生まれて初めて聞いたというように、この口が単語を何回も何回も繰り返す。対する泉さんはさっき脱いだ上着を手にウンウンと深く頷き、勝手に感慨にふけっているらしい。
「良いね~。愛しくて、くっついてたいんだろうなあ。ね、そうでしょ?」
……私は首を縦にも横にも振れない。でもこれ、肯定してると受け取られる沈黙だ。やってるわ、私。
「俺はずっと応援するよ。暁ちゃんのファンだから」
「……泉さんて、もしかしてヤバイ奴ですか?」
「いいでしょ」
「そんなに胸を張らなくても」
「そうだ、もし御影さんに泣かされたら言ってね、ぶん殴るから。『バカヤローー!!』って」
「お、恐ろしい」
「……あれっ、雨降ってきてない?」
「え?」
図書館の入り口の方向に顔を向け、急に泉さんが言った。私もつられて外の様子を確かめる。さっきまで晴れていた空はどんより曇り、白く細かい飛沫が地面を打ち跳ねる。サーッと鳴る爽やかな雨音に、私はちょっと鳥肌が立った。
「わ、あいつ予報当ててる」
「傘持ってきてないのにな~。
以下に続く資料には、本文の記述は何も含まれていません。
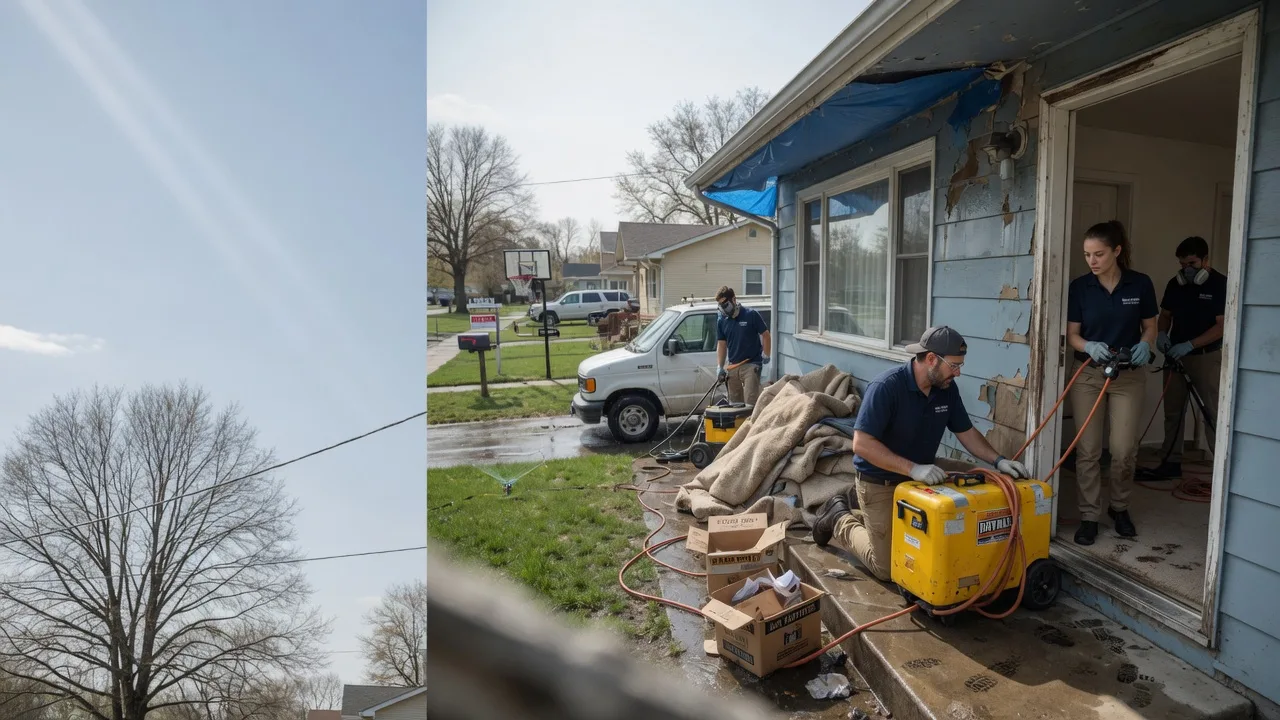 Basement Flood Cleanup in Denton, NE near me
どうしよう、上がるの待つしかないねー」
「そうですね……ん?」
雨から連想して御影から預かった傘を見やると、蛇腹に折り込まれた細い紙切れが挟まっていることに気がつく。大事に開いてみれば、なんと既視感のある字画が並んだ簡易な手紙だった。
【傘の返却は次回会う際に。あと神殿調査に行けそうな日も教えて】
真面目な内容なのに、彼の甘く軽やかな声で脳内再生された。あいつ、あらゆる手で私をノックアウトしようとしてるでしょ。許せん。
まあその激情はそれとして。
「…………とっとこ」
「なにそれ暁ちゃん」
「見せませんよ」
「あー、わかった。御影さんのでしょう」
向日葵の大輪のような笑顔を向けられる。もう怖いわ泉さん。黒幕説ある(?)。
「どんな内容だった?」
「秘密です。もっ、もう職務中なので散ってください!」
「はいはい、お熱いね~~もう上着要らないや」
「当たり前です、何言ってるんですか」
「……ついに暁ちゃんも惚気だしたかぁ~」
ヤレヤレ、と肩を竦められる。
この季節でも上着着てることにツッコミ入れただけなのに、なんか勘違いされてしまった。